IndicBART
IndicBART is a multilingual, sequence-to-sequence pre-trained model focusing on Indic languages and English. It currently supports 11 Indian languages and is based on the mBART architecture. You can use IndicBART model to build natural language generation applications for Indian languages by finetuning the model with supervised training data for tasks like machine translation, summarization, question generation, etc. Some salient features of the IndicBART are:
- Supported languages: Assamese, Bengali, Gujarati, Hindi, Marathi, Odiya, Punjabi, Kannada, Malayalam, Tamil, Telugu and English. Not all of these languages are supported by mBART50 and mT5.

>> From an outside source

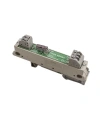 NPN-01 5A Tek Kanal DC NPN Röle Modülü - Ray Montajlı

- The model is much smaller than the mBART and mT5(-base) models, so less computationally expensive for finetuning and decoding.
- Trained on large Indic language corpora (452 million sentences and 9 billion tokens) which also includes Indian English content.
You can read more about IndicBART in this paper.
You can download the model and find instructions for model finetuning and decoding in this IndicBART github repo. Alternatively, you may download it from the HuggingFace hub and use it in your own fine-tuning scripts.
- Raj Dabre
- Himani Shrotriya
- Anoop Kunchukuttan
- Ratish Puduppully
- Mitesh M. Khapra
- Pratyush Kumar
If you use IndicBART, please cite the following paper:
@inproceedings{dabre2021indicbart,
title={IndicBART: A Pre-trained Model for Natural Language Generation of Indic Languages},
author={Raj Dabre and Himani Shrotriya and Anoop Kunchukuttan and Ratish Puduppully and Mitesh M. Khapra and Pratyush Kumar},
year={2022},
booktitle={Findings of the Association for Computational Linguistics},
}
The IndicBART code (and model) are released under the MIT License.